A closer look at human trafficking


graphic by Maddie Fisher.

Erin Parolisi, Web Editor

“We came across a parcel from August owed to you. Please claim ownership and confirm delivery here: [link].”

Starting in Aug. 2020, texts similar to this one were sent out nationally. Social media spread the idea that they were connected to sex trafficking, but agencies involved in tracing human trafficking have found no connection.

All across social media platforms such as Instagram and TikTok, users have posted screenshots of these phishing texts and warnings about clicking the links. According to social media users, by clicking the links in these texts, human traffickers would be able to track the user and have access to their location.

Several students, including senior Anna Connolly, have received similar phishing texts. But with the recent attention on social media, students have refrained from clicking the links.

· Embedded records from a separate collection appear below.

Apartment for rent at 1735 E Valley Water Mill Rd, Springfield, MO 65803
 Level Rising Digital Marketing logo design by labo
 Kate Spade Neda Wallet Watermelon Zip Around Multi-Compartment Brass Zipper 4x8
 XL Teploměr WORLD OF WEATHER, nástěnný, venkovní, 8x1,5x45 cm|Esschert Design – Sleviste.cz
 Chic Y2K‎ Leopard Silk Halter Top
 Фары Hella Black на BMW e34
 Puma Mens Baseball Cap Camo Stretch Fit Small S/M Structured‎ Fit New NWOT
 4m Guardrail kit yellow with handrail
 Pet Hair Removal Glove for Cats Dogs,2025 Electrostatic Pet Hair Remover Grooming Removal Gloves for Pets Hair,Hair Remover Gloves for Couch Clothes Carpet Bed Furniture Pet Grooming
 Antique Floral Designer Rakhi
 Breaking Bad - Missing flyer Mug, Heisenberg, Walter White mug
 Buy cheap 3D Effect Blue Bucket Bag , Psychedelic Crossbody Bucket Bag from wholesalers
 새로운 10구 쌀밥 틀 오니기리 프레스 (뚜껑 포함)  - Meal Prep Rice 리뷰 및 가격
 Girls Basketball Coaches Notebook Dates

“I actually have received a human trafficking text,” Connolly said. “It was really scary, but I am lucky that I knew what it was and did not click the link. Some of my friends had previously received them and told me about it, and I hadn’t ordered anything via FedEx, so I was automatically suspicious.”

Although this outpouring of warnings on social media has been occurring for three months, there is no evidence these text scams arerelated to sex trafficking.

Caren Benjamin, the chief communications officer at the Polaris Project, which fights human trafficking, told USA TODAY she

has not yet seen a human trafficking situation that “follows this pattern” of being tracked by a scam text. Instead, USA TODAY reported these texts are phishing scams to acquire financial information.

While these texts have no association with sex trafficking, a local nonprofit agency estimates 400 teens are trafficked for sex each night in Dallas. The Dallas Observer recently reported the COVID-19 pandemic may prompt an increase in human trafficking in DFW. As more people turn to internet and social media use, human traffickers to turn to those methods to find new victims, the Observer article said.

To learn more about the topic of human trafficking, Spanish and Latin American Short Fiction semester seminar, led by World Languages Department Chair Alejandra Suarez, has been reading different short stories, including Las Medias Rojas. The story is about a girl who is being physically abused by her father and simultaneously lured into human trafficking. Additionally, they watched the Javier Bardem movie “Biutiful,” which dealt with the topic of labor trafficking in Spain.

While the class is based on Spanish literature and culture, Suarez wanted to add components to the curriculum that addressed current global issues and raise awareness for them

.“I want my student to know their value and I want my students to know how much they are worth,” Suarez said. “I love teaching Spanish, don’t get me wrong, but if I can teach about real life and real things that are happening in today’s world, it is way better.”

Suarez said one of her goals was to inform her students of human trafficking’s prevalence and for them to have awareness of the issue. Senior Inez Johnson said she learned about the different forms of human trafficking and how little the topic is discussed.

“One of my main takeaways was how pervasive human trafficking is, and how it seems to not get talked about enough, especially in all the different ways that it exists,” Johnson said.

Connolly also takes Spanish and Latin American Short Fiction and has learned the importance of educating girls about human trafficking and the way traffickers abduct people.

“We live in a world where we are so privileged to not see such a dark side of the world. So, if we were to encounter it, it would be very scary,” Connolly said. “You never think something like that could happen to you or someone you know.”